Set down exactly the lines of the records from the top to the line containing "Top compact tractors"; include both.

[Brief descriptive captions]
--- START ---
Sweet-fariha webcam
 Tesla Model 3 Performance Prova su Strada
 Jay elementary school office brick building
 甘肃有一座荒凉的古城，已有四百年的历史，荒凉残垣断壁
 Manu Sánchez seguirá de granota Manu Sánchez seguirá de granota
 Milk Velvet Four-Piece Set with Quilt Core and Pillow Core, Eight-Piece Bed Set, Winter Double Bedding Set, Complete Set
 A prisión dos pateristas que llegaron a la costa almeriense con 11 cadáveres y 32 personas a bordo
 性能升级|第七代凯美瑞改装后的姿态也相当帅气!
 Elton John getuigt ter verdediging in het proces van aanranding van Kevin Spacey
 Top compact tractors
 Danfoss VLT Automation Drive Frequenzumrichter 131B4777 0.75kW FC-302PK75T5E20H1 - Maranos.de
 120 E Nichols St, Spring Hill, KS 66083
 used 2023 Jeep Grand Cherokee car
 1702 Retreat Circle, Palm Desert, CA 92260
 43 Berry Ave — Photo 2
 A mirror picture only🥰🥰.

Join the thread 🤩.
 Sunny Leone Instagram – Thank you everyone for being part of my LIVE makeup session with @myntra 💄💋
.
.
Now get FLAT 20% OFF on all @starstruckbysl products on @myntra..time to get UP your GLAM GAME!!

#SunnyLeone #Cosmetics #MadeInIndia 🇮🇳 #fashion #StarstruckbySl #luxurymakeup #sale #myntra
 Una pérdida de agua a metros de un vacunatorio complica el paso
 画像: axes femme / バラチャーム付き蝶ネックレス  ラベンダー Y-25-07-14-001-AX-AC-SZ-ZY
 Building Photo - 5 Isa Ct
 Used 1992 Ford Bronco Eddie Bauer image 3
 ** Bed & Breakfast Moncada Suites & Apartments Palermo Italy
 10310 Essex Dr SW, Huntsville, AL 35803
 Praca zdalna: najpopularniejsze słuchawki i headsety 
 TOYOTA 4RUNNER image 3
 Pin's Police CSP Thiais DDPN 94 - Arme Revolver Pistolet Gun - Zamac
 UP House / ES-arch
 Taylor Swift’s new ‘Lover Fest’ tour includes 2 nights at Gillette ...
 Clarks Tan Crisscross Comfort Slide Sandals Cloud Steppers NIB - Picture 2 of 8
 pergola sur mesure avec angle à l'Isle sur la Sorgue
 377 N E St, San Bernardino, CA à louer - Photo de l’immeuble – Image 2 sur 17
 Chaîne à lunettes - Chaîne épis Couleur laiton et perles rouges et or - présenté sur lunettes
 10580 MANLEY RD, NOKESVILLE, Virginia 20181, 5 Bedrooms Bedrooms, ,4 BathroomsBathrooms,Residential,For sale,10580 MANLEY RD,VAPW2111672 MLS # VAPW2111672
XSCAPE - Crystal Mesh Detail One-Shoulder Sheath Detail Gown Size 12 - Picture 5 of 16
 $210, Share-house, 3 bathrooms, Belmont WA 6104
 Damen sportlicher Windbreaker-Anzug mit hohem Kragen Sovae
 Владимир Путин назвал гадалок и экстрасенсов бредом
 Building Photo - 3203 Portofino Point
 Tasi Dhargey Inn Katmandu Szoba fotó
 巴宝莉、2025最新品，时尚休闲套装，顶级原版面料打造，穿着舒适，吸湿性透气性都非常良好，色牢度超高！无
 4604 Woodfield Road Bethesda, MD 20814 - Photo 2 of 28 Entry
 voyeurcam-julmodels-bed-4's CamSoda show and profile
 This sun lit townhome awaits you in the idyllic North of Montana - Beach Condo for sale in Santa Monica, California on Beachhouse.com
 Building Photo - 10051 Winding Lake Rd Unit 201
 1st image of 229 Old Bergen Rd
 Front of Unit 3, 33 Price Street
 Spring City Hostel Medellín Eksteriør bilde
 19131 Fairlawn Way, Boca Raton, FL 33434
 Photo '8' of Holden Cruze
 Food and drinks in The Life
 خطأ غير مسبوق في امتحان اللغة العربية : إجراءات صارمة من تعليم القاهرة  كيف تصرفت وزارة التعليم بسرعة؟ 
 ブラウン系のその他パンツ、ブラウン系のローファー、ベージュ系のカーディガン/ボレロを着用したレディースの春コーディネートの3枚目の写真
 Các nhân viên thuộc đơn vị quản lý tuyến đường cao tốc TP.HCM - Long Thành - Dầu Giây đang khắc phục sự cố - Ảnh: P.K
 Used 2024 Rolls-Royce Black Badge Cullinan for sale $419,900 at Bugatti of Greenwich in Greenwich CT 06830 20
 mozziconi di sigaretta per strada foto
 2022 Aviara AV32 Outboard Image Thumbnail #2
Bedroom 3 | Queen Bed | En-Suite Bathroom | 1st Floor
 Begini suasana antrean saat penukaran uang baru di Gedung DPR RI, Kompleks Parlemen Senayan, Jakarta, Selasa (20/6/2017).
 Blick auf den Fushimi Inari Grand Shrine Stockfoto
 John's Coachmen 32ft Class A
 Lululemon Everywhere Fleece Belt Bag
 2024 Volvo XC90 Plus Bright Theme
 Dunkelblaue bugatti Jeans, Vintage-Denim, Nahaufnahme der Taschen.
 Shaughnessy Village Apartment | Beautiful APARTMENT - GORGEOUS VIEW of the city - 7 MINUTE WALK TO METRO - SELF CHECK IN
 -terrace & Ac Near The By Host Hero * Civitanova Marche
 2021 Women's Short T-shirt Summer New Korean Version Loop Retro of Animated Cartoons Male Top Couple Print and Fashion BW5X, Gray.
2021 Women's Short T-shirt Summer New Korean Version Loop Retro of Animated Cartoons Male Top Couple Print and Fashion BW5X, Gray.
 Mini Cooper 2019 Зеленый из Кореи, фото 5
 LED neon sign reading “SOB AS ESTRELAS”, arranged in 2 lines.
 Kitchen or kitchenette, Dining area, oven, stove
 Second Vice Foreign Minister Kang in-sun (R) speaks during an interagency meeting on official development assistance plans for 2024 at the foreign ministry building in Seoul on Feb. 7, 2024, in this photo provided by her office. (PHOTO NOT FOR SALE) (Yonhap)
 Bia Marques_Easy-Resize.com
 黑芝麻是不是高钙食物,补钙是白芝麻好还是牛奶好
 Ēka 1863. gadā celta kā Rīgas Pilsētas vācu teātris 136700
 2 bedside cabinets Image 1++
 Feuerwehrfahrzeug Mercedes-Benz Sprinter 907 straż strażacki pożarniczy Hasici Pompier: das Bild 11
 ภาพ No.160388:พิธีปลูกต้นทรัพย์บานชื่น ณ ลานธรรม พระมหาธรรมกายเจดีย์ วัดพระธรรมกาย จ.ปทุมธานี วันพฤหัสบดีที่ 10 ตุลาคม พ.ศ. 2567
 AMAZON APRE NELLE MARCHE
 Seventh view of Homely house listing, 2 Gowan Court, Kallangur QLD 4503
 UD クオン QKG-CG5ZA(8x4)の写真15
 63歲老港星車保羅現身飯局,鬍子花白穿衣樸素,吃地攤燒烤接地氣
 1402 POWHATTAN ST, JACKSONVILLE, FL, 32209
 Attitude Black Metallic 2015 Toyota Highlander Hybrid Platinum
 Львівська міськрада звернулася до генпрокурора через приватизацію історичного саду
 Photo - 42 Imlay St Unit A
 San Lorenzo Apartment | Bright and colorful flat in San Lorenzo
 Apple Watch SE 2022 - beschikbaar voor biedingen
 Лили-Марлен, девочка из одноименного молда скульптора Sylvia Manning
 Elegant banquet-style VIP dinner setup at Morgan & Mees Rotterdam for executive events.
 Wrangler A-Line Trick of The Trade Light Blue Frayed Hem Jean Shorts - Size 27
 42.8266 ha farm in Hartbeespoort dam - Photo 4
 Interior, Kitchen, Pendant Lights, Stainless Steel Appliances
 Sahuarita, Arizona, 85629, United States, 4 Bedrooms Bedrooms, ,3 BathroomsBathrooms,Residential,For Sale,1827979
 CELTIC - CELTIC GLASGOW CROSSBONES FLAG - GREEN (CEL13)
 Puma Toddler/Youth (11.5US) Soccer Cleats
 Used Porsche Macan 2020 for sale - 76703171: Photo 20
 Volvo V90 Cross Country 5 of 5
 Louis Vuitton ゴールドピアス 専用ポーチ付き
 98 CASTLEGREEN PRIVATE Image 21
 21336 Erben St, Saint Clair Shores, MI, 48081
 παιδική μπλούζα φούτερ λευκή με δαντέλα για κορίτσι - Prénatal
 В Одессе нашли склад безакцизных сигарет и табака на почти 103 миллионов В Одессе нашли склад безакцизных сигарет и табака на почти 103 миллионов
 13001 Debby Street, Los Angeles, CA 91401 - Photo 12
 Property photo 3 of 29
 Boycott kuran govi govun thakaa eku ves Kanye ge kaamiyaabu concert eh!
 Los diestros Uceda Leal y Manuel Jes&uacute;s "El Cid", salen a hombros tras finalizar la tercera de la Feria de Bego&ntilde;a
--- END ---
> [Answer to this problem]:
Sweet-fariha webcam
 Tesla Model 3 Performance Prova su Strada
 Jay elementary school office brick building
 甘肃有一座荒凉的古城，已有四百年的历史，荒凉残垣断壁
 Manu Sánchez seguirá de granota Manu Sánchez seguirá de granota
 Milk Velvet Four-Piece Set with Quilt Core and Pillow Core, Eight-Piece Bed Set, Winter Double Bedding Set, Complete Set
 A prisión dos pateristas que llegaron a la costa almeriense con 11 cadáveres y 32 personas a bordo
 性能升级|第七代凯美瑞改装后的姿态也相当帅气!
 Elton John getuigt ter verdediging in het proces van aanranding van Kevin Spacey
 Top compact tractors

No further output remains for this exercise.